DATA EXTRACTS:
####################

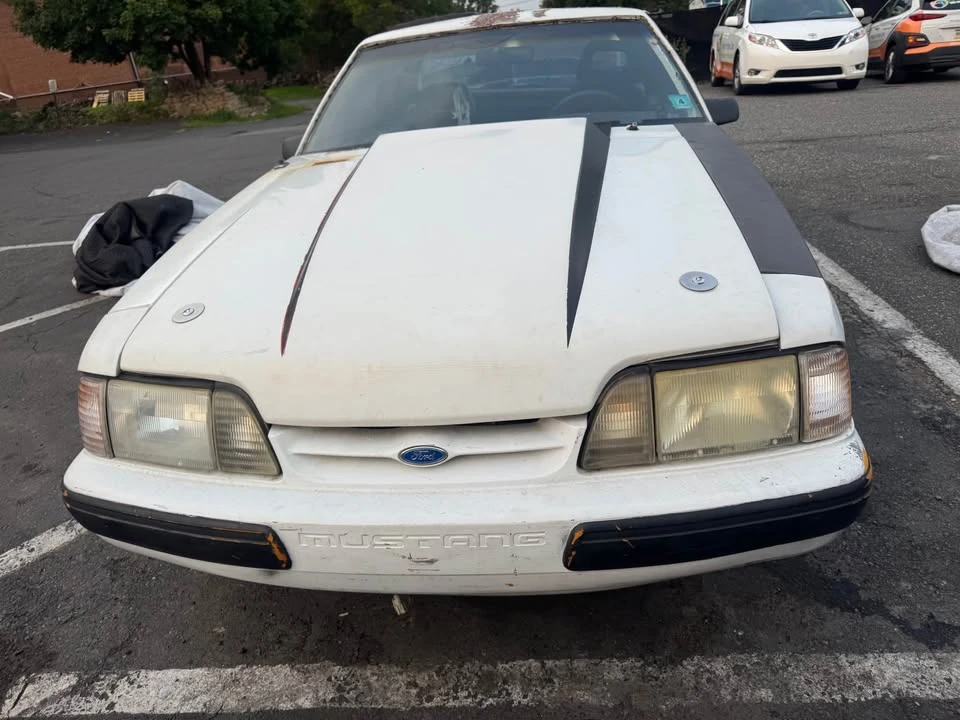 1991 Ford Mustang 3rd Gen - Image 2 of 19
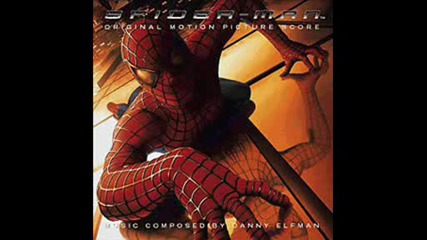 Spider - Man Original Music Picture Soundtrack - First Web (track 5).avi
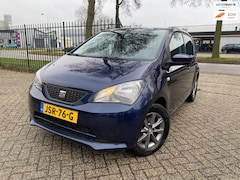 SEAT Mii - 1.0 Sport Cruise Stoelverw Tel Nav Pano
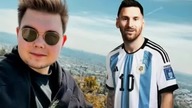 Plkd messi moment #plkd #plkdamian #fc25 #eafc25 #fifa #śmieszne
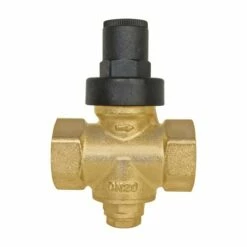 Réducteur De Pression à Piston Double Femelle 20/27 -ROBINETTERIE HAMMEL Soldes 4191 20 2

####################

YOUR ASSIGNMENT: Only the lines from the line that contains "Spider - Man" through the end of the entries are to be written out, exactly and without pictures, both ends included.

EXPECTED ANSWER:
 Spider - Man Original Music Picture Soundtrack - First Web (track 5).avi
 SEAT Mii - 1.0 Sport Cruise Stoelverw Tel Nav Pano
 Plkd messi moment #plkd #plkdamian #fc25 #eafc25 #fifa #śmieszne
 Réducteur De Pression à Piston Double Femelle 20/27 -ROBINETTERIE HAMMEL Soldes 4191 20 2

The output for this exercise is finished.